United States District Court, Western District of Washington
Feb 22, 2024
No. C23-1521-JCC (W.D. Wash. Feb. 22, 2024)

Opinion

C23-1521-JCC

02-22-2024

MICHAEL ANDREW WOOD, Petitioner, v. UNITED STATES OF AMERICA, Respondent.


ORDER

JOHN C. COUGHENOUR UNITED STATES DISTRICT JUDGE.

This matter comes before the Court on Michael Andrew Wood's motion to vacate, set aside, or correct his sentence under 28 U.S.C. § 2255 (Dkt. No. 1) and the Government's motion to seal (Dkt. No. 15). Having thoroughly considered the motions and the relevant record, the Court hereby ORDERS an evidentiary hearing with regards to whether Mr. Wood affirmatively requested that his counsel file an appeal but otherwise DENIES his motion (Dkt. No. 1), and it GRANTS the Government's motion to seal (Dkt. No. 15).

I. BACKGROUND

In July 2022, Mr. Wood pled guilty to one count of conspiracy to distribute controlled substances. See United States v. Wood, Case No. CR20-0092-JCC-014, Dkt. No. 819 (W.D. Wash. 2022). Prior to sentencing, Mr. Wood admitted to two supervised release violations relating to a prior offense. See United States v. Wood, Case No. CR14-5105-JCC-013, Dkt. No. 643 (W.D. Wash. 2022). The Court then sentenced him to 96 months imprisonment and five years of supervised release for the former offense and 12 months imprisonment for the latter offense(s), to run concurrently.
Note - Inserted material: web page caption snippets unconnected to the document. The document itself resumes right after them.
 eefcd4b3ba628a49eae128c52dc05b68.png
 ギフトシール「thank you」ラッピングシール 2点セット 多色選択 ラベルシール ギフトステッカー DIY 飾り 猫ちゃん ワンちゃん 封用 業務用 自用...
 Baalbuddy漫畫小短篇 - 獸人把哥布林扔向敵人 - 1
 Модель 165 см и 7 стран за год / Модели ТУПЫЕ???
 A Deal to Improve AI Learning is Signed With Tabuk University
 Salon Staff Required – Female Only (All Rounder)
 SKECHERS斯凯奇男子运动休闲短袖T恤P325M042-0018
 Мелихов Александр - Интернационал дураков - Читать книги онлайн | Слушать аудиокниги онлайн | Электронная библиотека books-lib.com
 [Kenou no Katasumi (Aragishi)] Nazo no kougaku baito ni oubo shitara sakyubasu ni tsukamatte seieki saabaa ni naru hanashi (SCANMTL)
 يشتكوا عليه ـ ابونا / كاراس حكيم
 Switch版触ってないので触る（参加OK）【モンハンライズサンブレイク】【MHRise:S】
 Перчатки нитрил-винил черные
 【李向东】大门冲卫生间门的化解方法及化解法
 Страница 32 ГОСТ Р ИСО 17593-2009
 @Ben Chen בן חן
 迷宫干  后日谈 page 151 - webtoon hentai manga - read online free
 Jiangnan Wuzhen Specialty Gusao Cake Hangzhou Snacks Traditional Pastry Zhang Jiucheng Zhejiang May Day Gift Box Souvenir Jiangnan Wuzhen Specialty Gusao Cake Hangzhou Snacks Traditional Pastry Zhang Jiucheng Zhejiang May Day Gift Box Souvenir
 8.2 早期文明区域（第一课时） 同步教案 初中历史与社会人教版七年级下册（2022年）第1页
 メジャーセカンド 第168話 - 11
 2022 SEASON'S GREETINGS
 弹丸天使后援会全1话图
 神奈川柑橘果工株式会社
See Case No. CR20-0092-JCC-014, Dkt. No. 947 at 1; Case No. CR14-5105-JCC-013, Dkt. No. 645 at 1. Prior to this, Mr. Wood initiated a civil rights complaint against multiple arresting officers and prison officials for injuries allegedly sustained during his arrest and confinement, amongst other allegations. See Wood v. United States, Case No. C22-0636-DGE, Dkt. No. 18 (W.D. Wash 2022).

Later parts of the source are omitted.